STILBITE-Ca (kai-taba-fusseki)
      (Many of these occurences have not been analyzed and may have other cations dominating.)
      Ehime: With heulandite and mordenite as megacrysts in a biotite andesite dyke at the Makinokawa quarry, and elsewhere in intermediate zone of Kuma-machi andesite, above the datolite-apophyllite zone. Free-standing creamy white crystals to 3cm in vugs up to 20cm wide.
      Fukuoka: Sodium-rich stilbite (crystals with irregular terminations) and sodium-rich heulandite form the cement in Tertiary conglomerates in Tsuyazaki-machi.
      Gifu: Yellowish bundles of "desmine" crystals as druses covering feldspar in miarolytic cavities in granite quarries in Hirukawa village, and similarly elsewhere in the Naegi district.
      Kanagawa: At various places in the Tanzawa mountains, stilbite formed in a low-temperature alteration zone, above the hotter laumontite-wairakite-yugawaralite zone, in Miocene basaltic to andesitic pyroclastic rocks altered by a quartz diorite intrusion. At Kurokura, prismatic stilbite xls to 11mm, exhibiting (001), (110) and (010) faces, form typical sheaf-like or "bow tie" aggregates associated with micro natrolite needles in a quartz vein cutting diorite. Also as pinkish white individual crystals to 4mm forming crusts on larger, colorless quartz xls. Also at Yugawara hot springs.
      Mie: Sodium-rich stilbite as sheaflike aggregates to 3cm, colorless to yellow-brown (with phlogopite inclusions), is covered by heulandite and laumontite in Miocene granite at Onigajou (Onigashiro).
      Miyagi: Transparent white, 1cm xls at Obara hot spring, associated with calcite and heulandite in vugs in andesite. White stilbite-Ca (Ca:Na = 4:1) occurs in amygdaloidal cavities in upper Miocene dacite dikes at Bomeki.
      Nagasaki: Abundant transparent xls to 4mm long form radial aggregates on the walls of amygdules in altered basalt agglomerate exposed on the seashore at Chojabaru. Associated with chabazite, thomsonite, levyne-Na, erionite-Na, natrolite. Also on Fukue island.
      Shizuoka: Stilbite xls grow on calcite xls and druses of minute quartz xls at Ohbora, Toi, in vugs in propylite. Also nearby with wairakite as veinlets in propylite around Au-Ag-bearing quartz-adularia veins at the Seikoshi mine. As white rectangular crystals with stellerite, heulandite, mordenite, chabazite, celadonite and calcite at Shoubusawa. Analytically confirmed stilbite-Ca comes from Omuroyama. Stilbite occurs in two habits, both flat-terminated and pointed crystals, in andesite breccia at Komuroyama (same place???). With chabazite at Amagi-tohge (Smithsonian specimen). Also in Oh'hito-cho.
      Tochigi: (where???)
      Yamanashi: Crystals with irregular terminations at Shimohatsukari.

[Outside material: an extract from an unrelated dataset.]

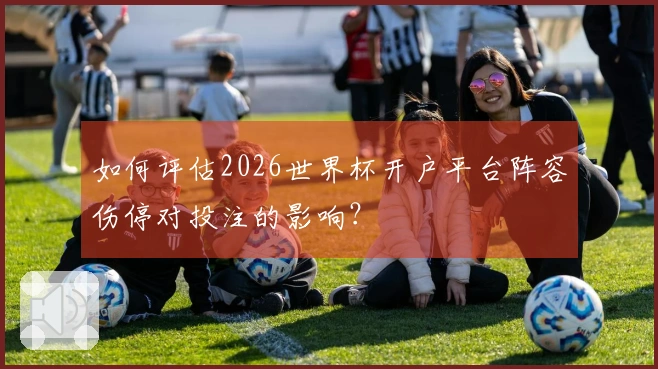 如何评估2026世界杯开户平台阵容伤停对投注的影响？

STILBITE-Na (sohda-taba-fusseki)
      Fukuoka: Analytically confirmed stilbite-Na is found in Tsuyazaki-machi where, together with heulandite-Na, it forms the cement in a Tertiary conglomerate.

STILPNOMELANE (suchirupunomerehn; suchirupunomeren)
      Ouita: Black round to crudely hexagonal crystals from less than 1cm to almost 2cm diameter, embedded in pale brown "mountain cork" grunerite in skarn at the Obira mine.
      Saitama: In glaucophanites in the Nagatoro district and elsewhere in the Kanto mts. A major component of greenstones and schistose pyroclastics associated with chert in Umezono. In augite-bearing chlorite-pumpellyite-stilpnomelane-quartz-albite-hematite schist at Wachiba.
      Yamaguchi: In scheelite-bearing skarns in the Akemidani orebody of the Fujigatani mine.

STOKESITE (sutohkusu-seki)
      Gifu: In miarolytic cavities in coarse-grained biotite granite at Tawara, especially the Iwaguro-Sekizai quarry, as sparse, isolated, sharp tiny colorless to very pale violet tabular xls embedded in a black chlorite coating on feldspar and quartz crystals. May also be associated with cassiterite or hingganite-(Ce).

STRINGHAMITE (sutoringamu-seki)
      Okayama: Bright blue glassy grains in granular grey-white skarn at Fuka.

STROMEYERITE (ki-gin-dohkoh)
      Akita: In bornite-rich kuroko-type ore at the Furutobe mine, deposited at very low temperatures. With arsenian renierite (qv) in kuroko ore at the Shakanai mine.
      Hyougo: Anhedral masses to 1cm in bornite at the Tada mine.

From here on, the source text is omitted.